--- Raw data ---

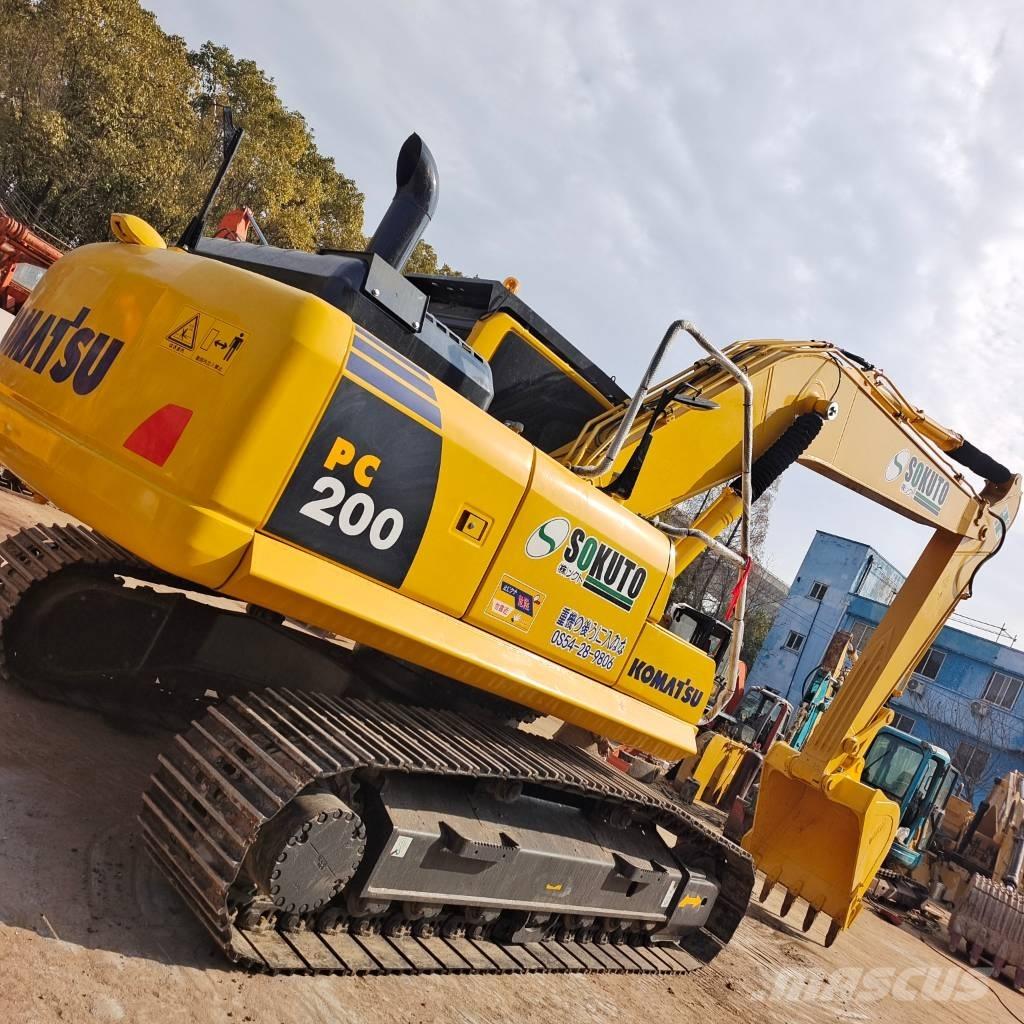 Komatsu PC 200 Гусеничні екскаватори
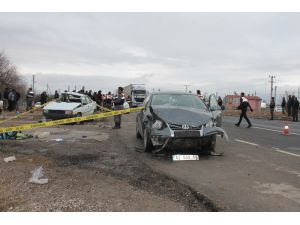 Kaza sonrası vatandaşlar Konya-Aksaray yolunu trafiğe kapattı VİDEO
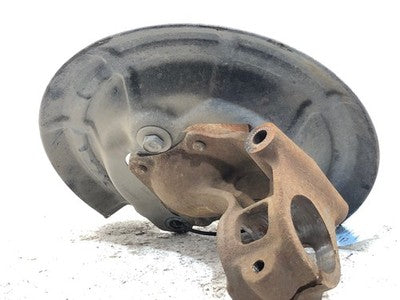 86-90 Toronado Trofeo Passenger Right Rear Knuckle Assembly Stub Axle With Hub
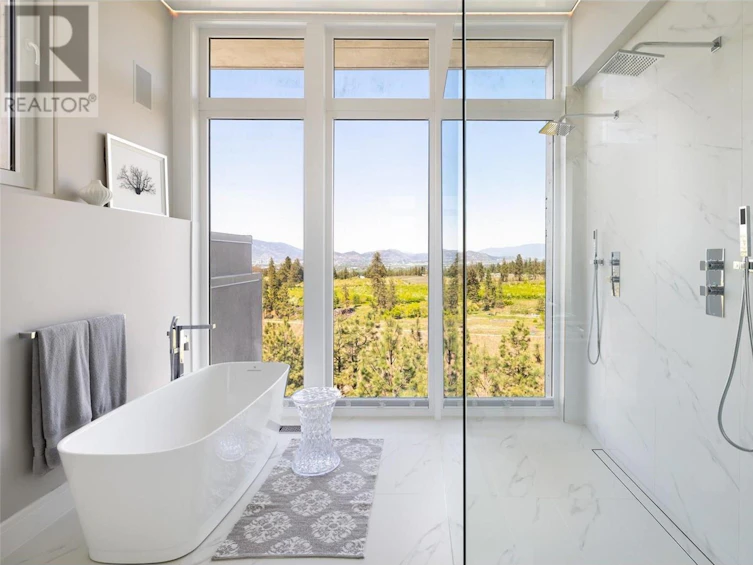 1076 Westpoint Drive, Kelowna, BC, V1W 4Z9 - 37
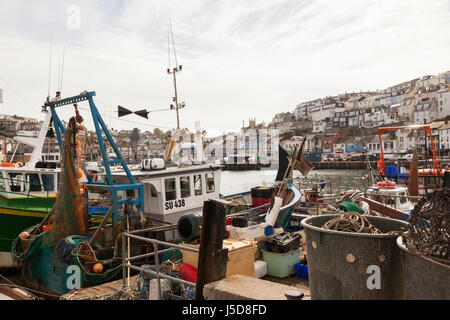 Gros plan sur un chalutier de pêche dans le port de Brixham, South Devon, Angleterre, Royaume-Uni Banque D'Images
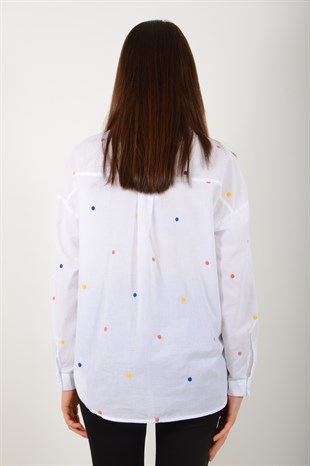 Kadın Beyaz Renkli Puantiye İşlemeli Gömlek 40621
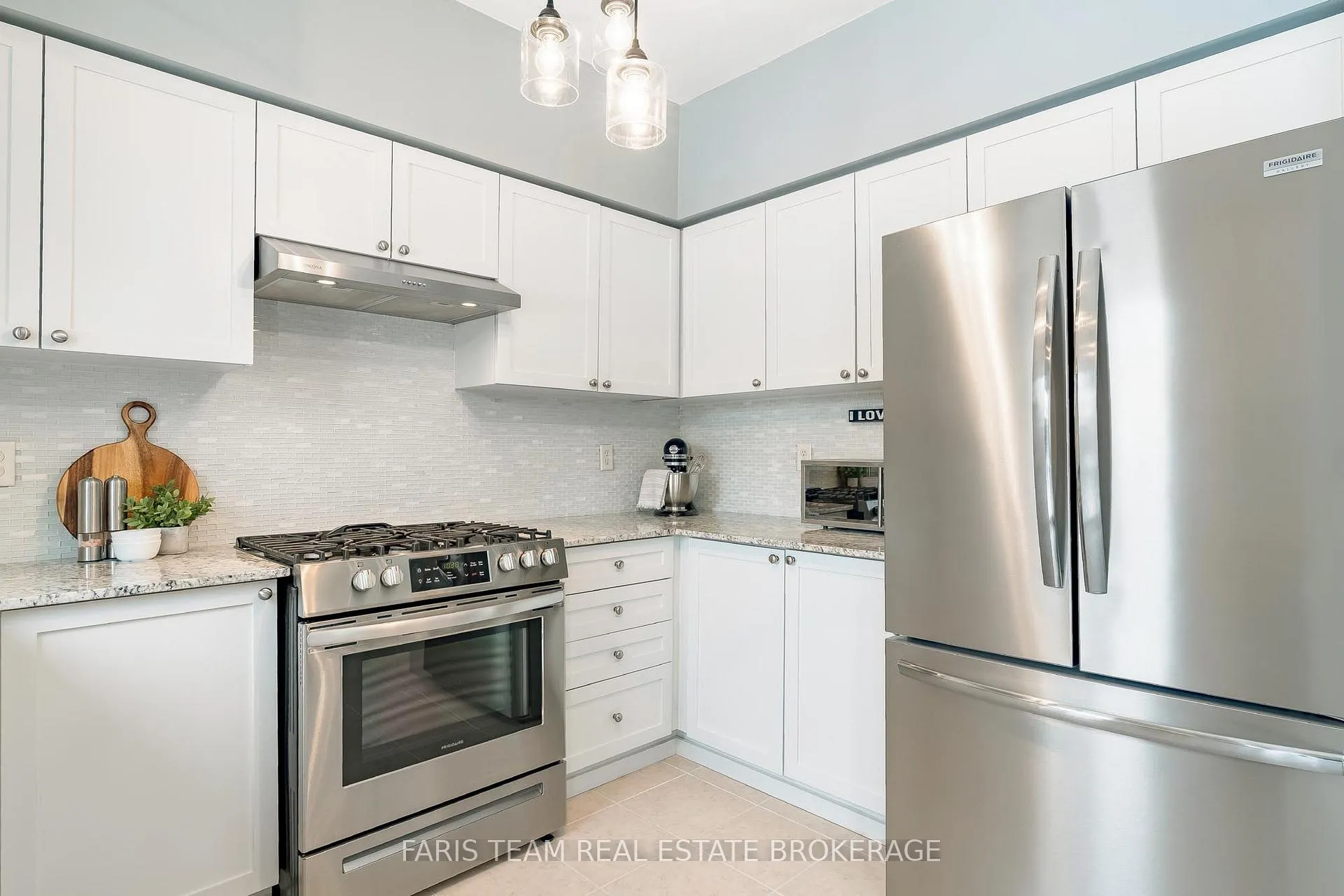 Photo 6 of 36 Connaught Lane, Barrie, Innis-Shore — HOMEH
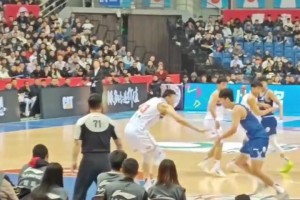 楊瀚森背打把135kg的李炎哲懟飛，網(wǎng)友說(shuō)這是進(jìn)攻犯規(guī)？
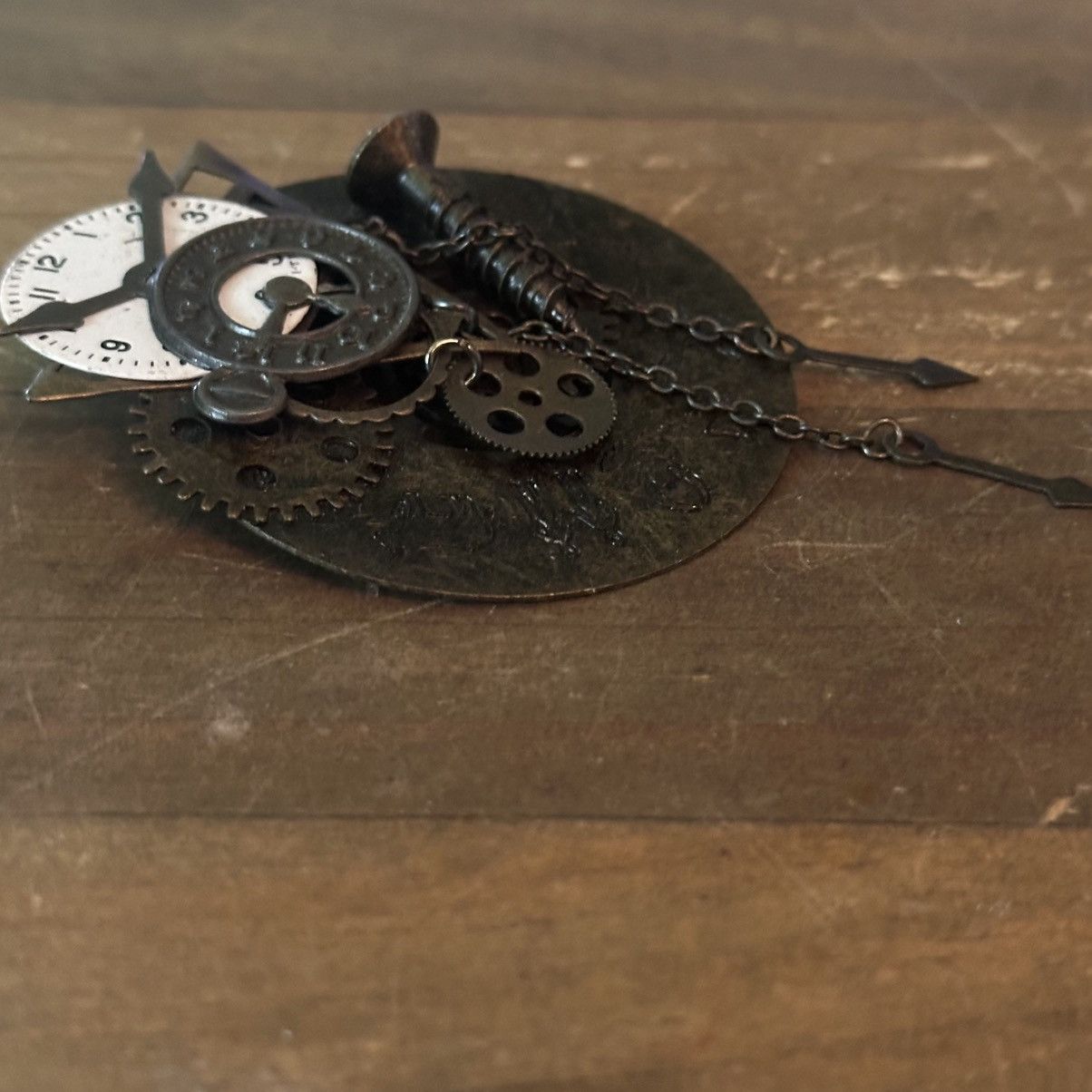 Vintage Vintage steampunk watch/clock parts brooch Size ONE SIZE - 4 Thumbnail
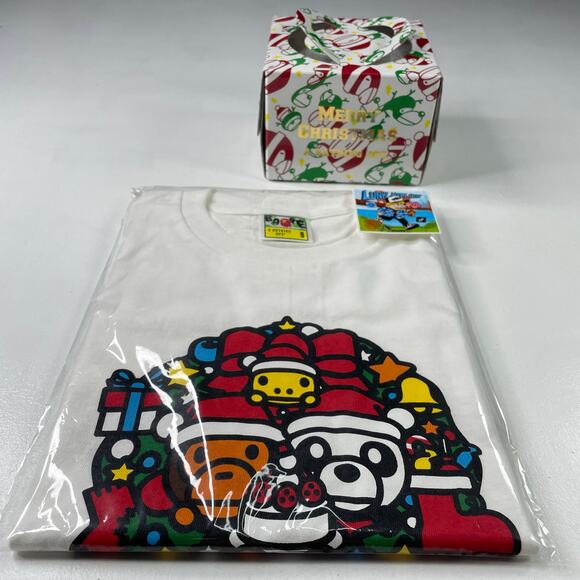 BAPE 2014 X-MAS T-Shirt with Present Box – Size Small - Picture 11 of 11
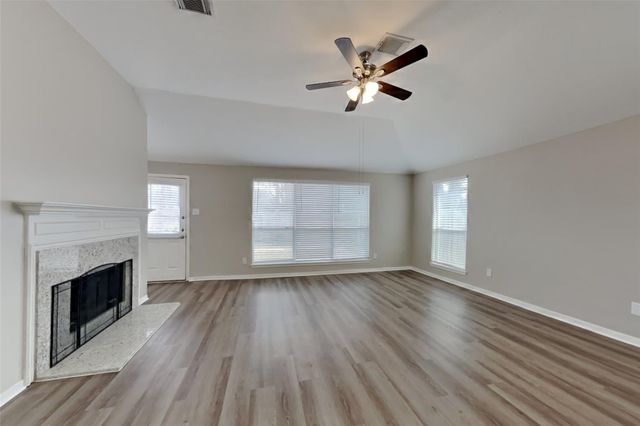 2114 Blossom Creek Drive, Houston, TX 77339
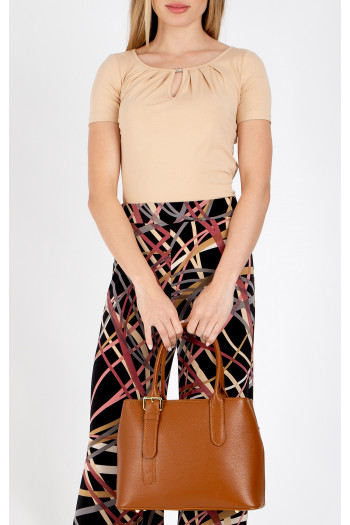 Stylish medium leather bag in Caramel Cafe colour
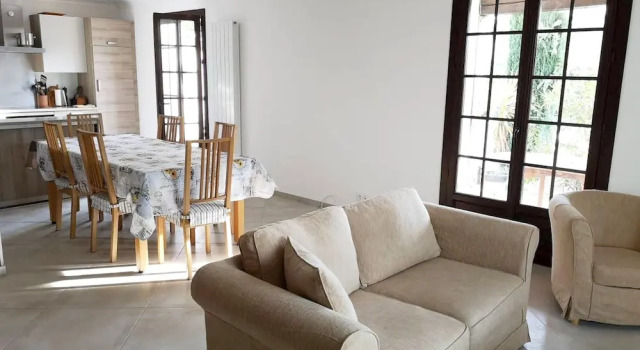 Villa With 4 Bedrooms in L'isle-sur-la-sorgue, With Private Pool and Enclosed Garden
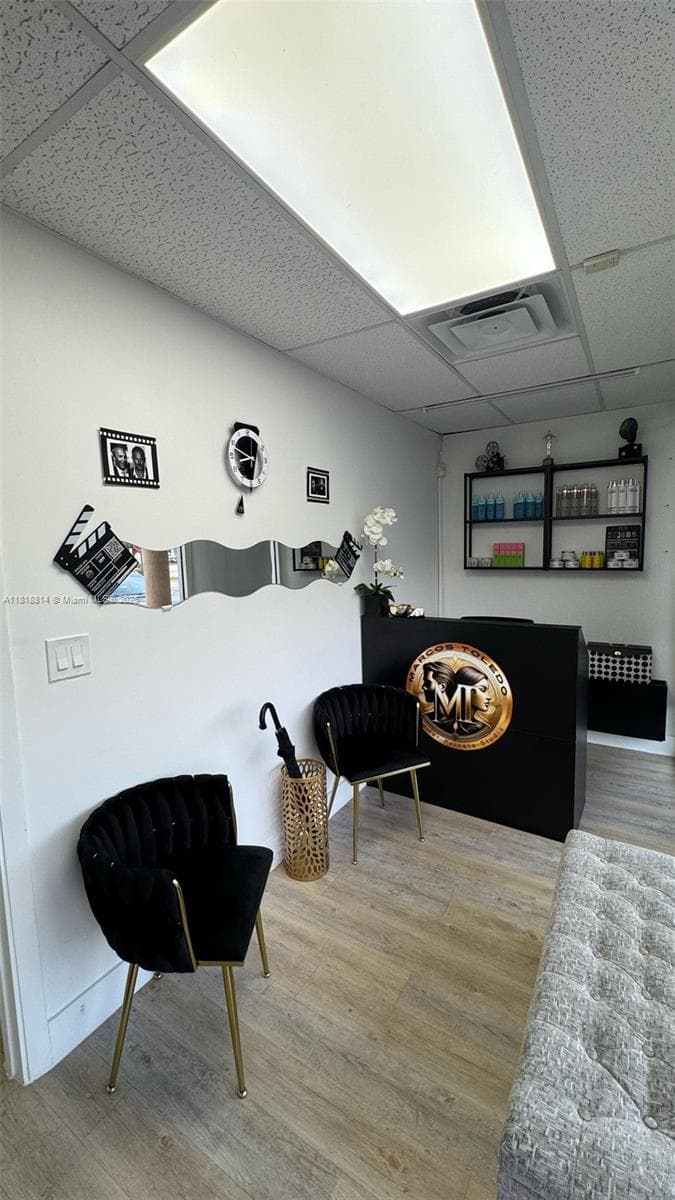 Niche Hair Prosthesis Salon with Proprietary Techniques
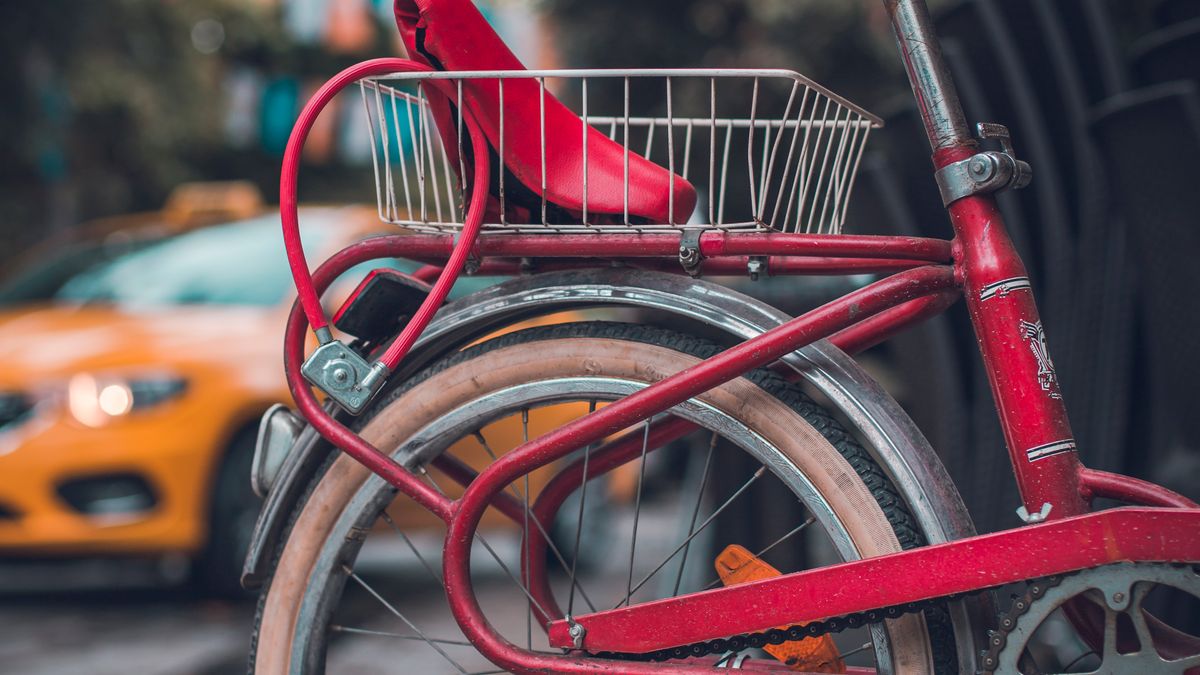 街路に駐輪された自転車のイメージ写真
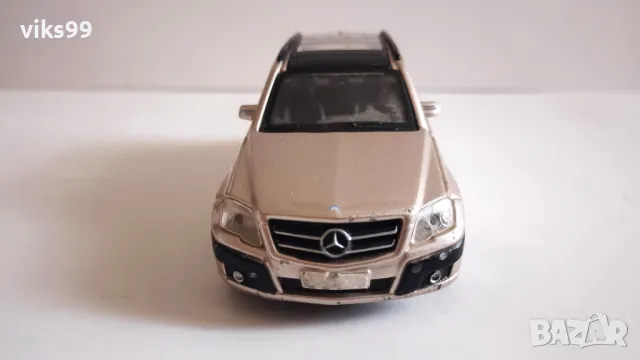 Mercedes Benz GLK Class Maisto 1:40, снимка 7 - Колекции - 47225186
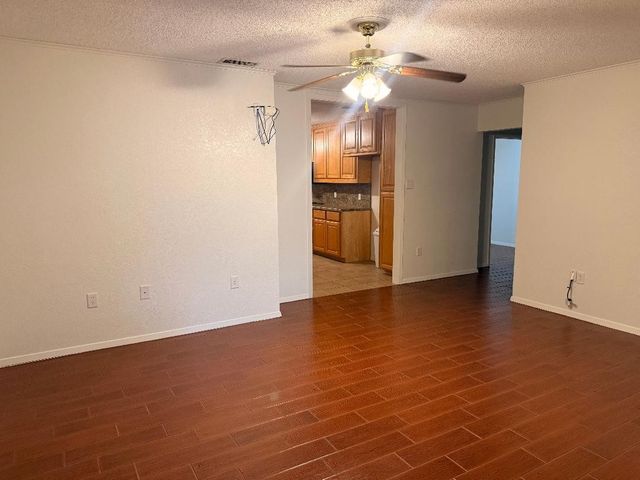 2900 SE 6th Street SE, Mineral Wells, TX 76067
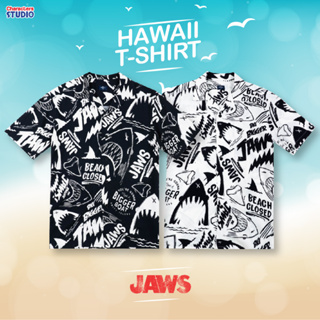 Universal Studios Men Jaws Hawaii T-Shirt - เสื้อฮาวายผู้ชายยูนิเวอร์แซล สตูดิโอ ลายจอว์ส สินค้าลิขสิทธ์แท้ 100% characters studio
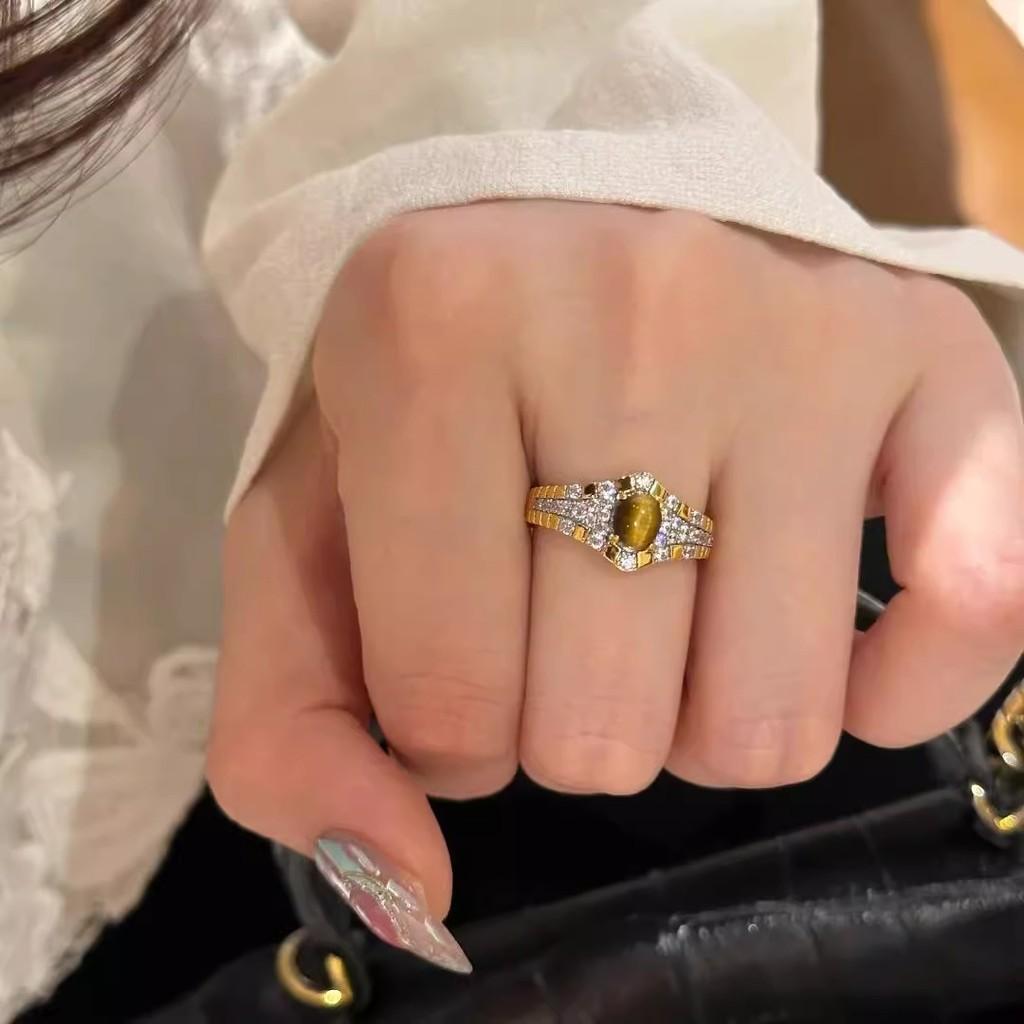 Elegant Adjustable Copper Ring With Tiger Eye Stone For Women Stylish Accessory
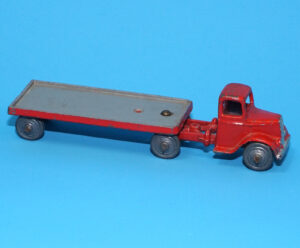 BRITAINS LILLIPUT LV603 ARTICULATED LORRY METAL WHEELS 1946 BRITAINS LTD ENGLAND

---

• [Requirement]
Give again, word for word, the line that contains "Universal Studios Men" and every line after it through the end of the entries; omit the pictures.

• [Answer for this exercise]
 Universal Studios Men Jaws Hawaii T-Shirt - เสื้อฮาวายผู้ชายยูนิเวอร์แซล สตูดิโอ ลายจอว์ส สินค้าลิขสิทธ์แท้ 100% characters studio
 Elegant Adjustable Copper Ring With Tiger Eye Stone For Women Stylish Accessory
 BRITAINS LILLIPUT LV603 ARTICULATED LORRY METAL WHEELS 1946 BRITAINS LTD ENGLAND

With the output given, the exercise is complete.